New Experiment Hints at Why the Universe Is Made of Something Rather Than Nothing

From Popular Mechanics

Sometimes the simplest questions are the most vexing. One of the biggest questions in science right now is simply: Why is there something rather than nothing? While it might sound like a debate topic for stoners, it's a serious and profound question about the nature of the universe. And now, new results from the T2K experiment in Japan could be the first step toward answering it.

The Big Bang created all the matter that currently makes up our universe. All the particles, like protons, neutrons, and electrons, were created in the first few moment of the universe. But the Big Bang also created antimatter, which is the opposite of regular matter, kind of like a mirror image of regular particles. When particles and antiparticles collide, they annihilate each other and release a tremendous amount of energy.
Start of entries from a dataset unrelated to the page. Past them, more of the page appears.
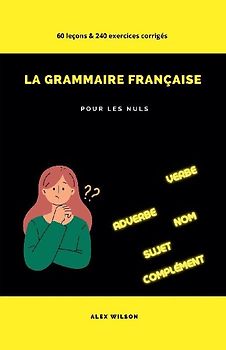 La Grammaire Française pour les Nuls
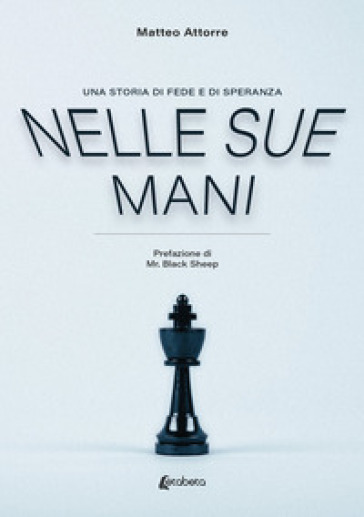 Nelle sue mani. Una storia di fede e di speranza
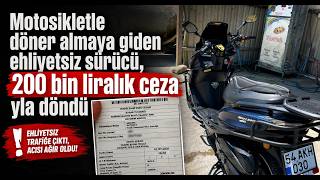 Motosikletle Döner Almaya Giden Ehliyetsiz Sürücü, 200 Bin Liralık Cezayla Döndü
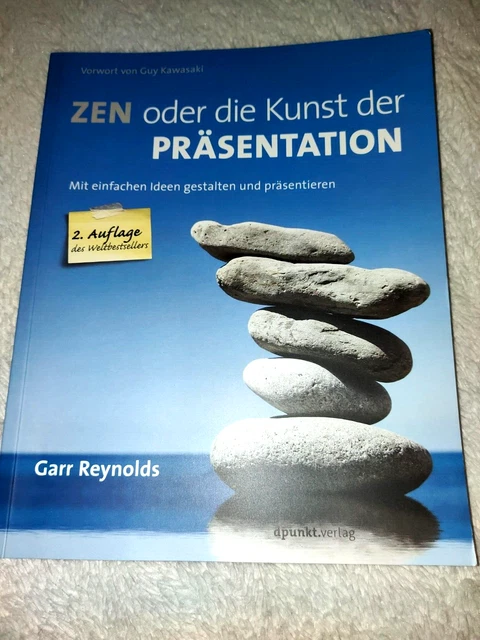 Zen Oder Die Kunst Den Mond Abzustauben ZEN ODER DIE Kunst der Präsentation 2 Auflage von Garr Reynolds EUR 7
Much of the early universe consisted of matter and antimatter explosions, and most of the matter and all of the antimatter was destroyed.
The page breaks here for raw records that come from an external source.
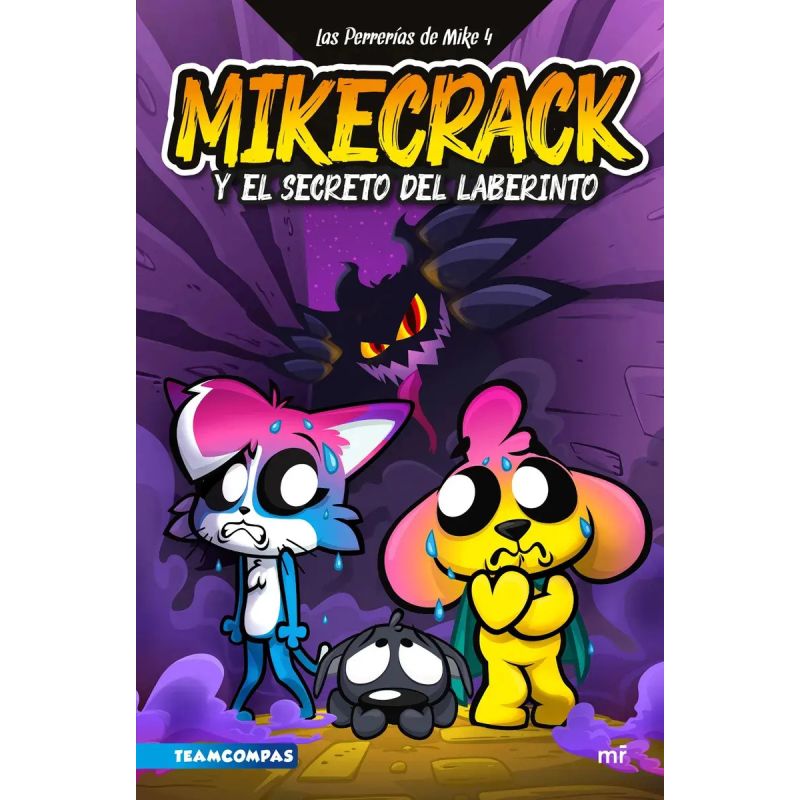MIKECRACK Y EL SECRETO DEL LABERINTO - LAS PERRERIAS DE MIKE 4 (Nuevo)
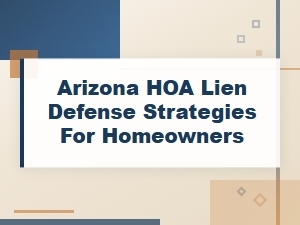Arizona Hoa Lien Defense Strategies for Homeowners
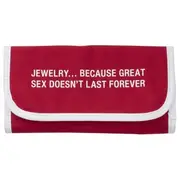 Say What? Jewellery Pouch - Because Great Sex Doesn't Last Forever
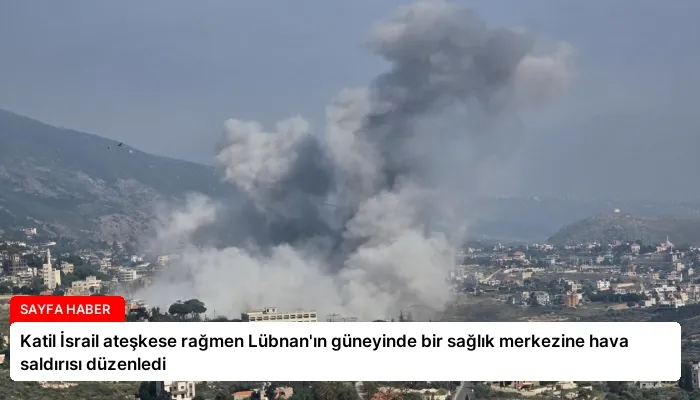 Katil İsrail ateşkese rağmen Lübnan’ın güneyinde bir sağlık merkezine hava saldırısı düzenledi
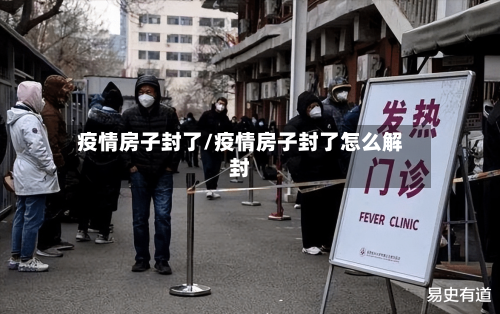 疫情房子封了/疫情房子封了怎么解封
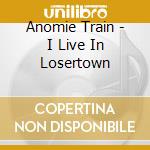 Anomie Train - I Live In Losertown cd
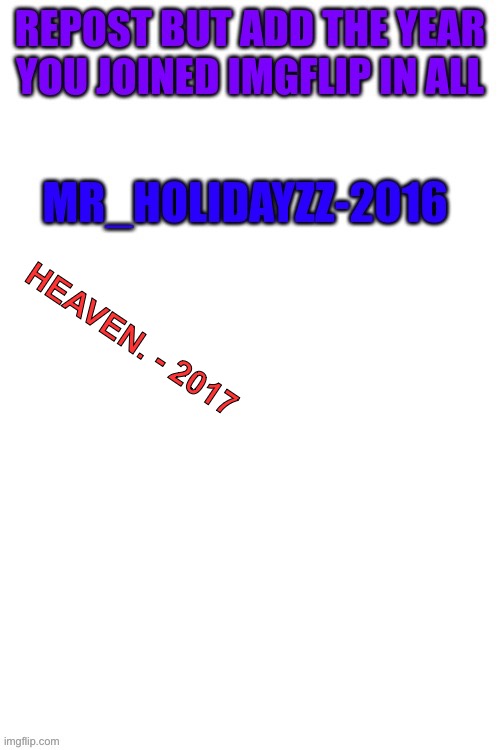 Joining when I 9 years old was wild | HEAVEN. - 2017 | made w/ Imgflip meme maker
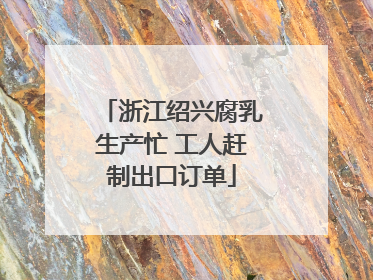 浙江绍兴腐乳生产忙 工人赶制出口订单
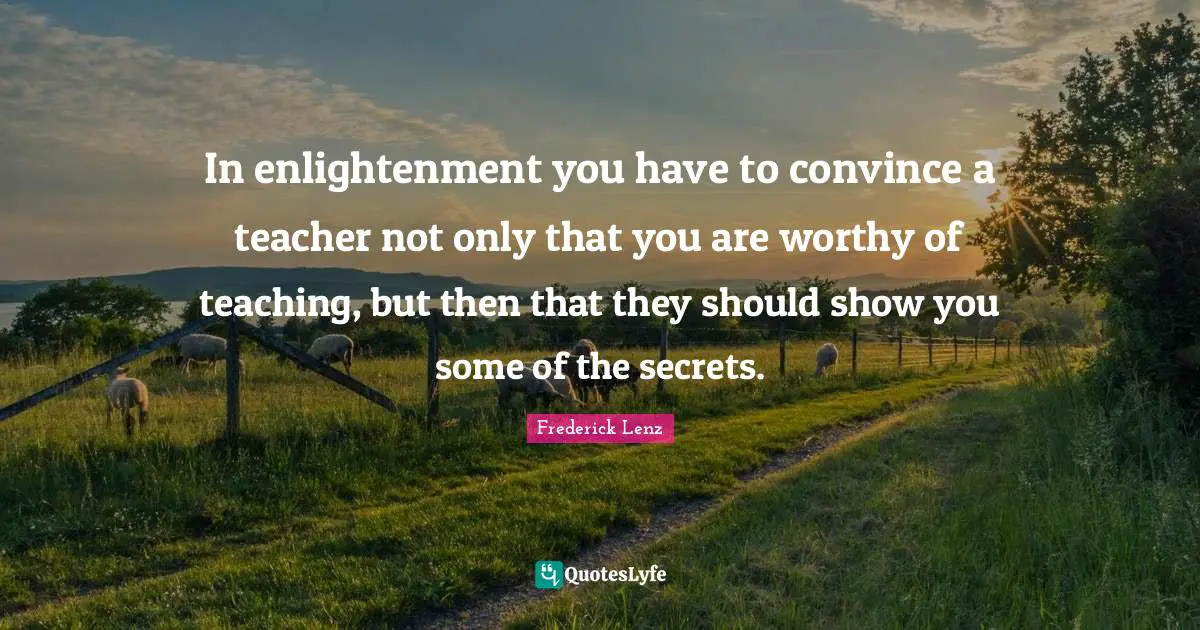 In enlightenment you have to convince a teacher not only that you are worthy of teaching, but then that they should show you some of the secrets.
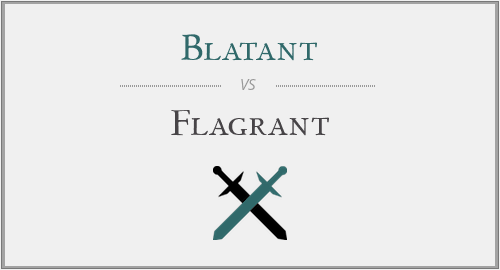 Blatant vs. Flagrant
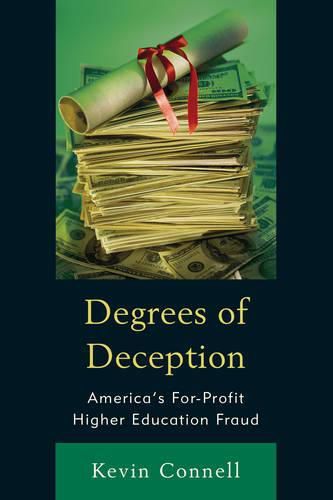 Cover image for Degrees of Deception: America's For-Profit Higher Education Fraud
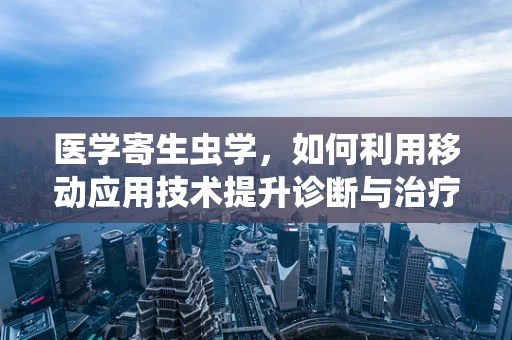 医学寄生虫学，如何利用移动应用技术提升诊断与治疗效率？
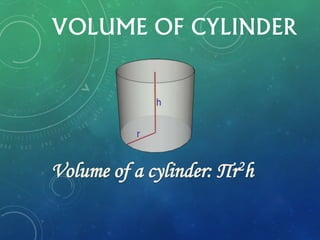 VOLUME OF CYLINDER
Volume of a cylinder: Пr2h
 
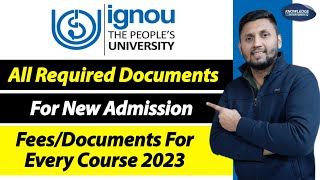 IGNOU Admission Documents amp Fees  IGNOU Admission Ke Liye Document  IGNOU Admission 2022 January [upl. by Xanthus]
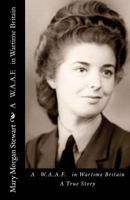 A WAAF in Wartime Britain 1470044633 Book Cover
The problem for physicists is how to explain why there's still some matter left over. Because antiparticles are exactly equal and opposite of normal particles, they should have been created in exactly equal numbers during the Big Bang. The antimatter should have annihilated all the regular matter, leaving nothing left over. But it didn't.

Researchers at the T2K neutrino detector in Japan have announced a result that may be a first step to explaining this mystery. For the first time, they have observed significant differences between a particle and its antiparticle, meaning that antimatter may not be the perfect mirror image that scientists thought it was.
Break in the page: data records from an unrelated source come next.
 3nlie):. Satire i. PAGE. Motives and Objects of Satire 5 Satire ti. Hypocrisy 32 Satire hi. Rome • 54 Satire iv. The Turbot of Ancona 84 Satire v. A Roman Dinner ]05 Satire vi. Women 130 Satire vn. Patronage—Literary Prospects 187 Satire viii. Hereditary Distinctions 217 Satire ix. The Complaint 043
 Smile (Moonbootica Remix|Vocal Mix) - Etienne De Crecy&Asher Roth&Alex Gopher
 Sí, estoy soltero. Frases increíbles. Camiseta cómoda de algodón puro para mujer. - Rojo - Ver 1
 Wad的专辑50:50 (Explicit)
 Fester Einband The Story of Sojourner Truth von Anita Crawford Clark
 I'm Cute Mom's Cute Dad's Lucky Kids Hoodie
The researchers were studying antineutrinos, a type of antiparticle. There are three types of antineutrino just as there are three types of regular neutrino-electron, muon, and tau. These three types can sometimes spontaneously change into other types. The researchers were studying these transformations when they discovered that one kind of antineutrino, the muon antineutrino, transforms less frequently than the normal neutrino.

This may sound small, but it means that there are fundamental differences between neutrinos and antineutrinos, and possibly between other types of particles and their corresponding antiparticles. This discovery will spur additional experiments which may finally tell us why there's something instead of nothing.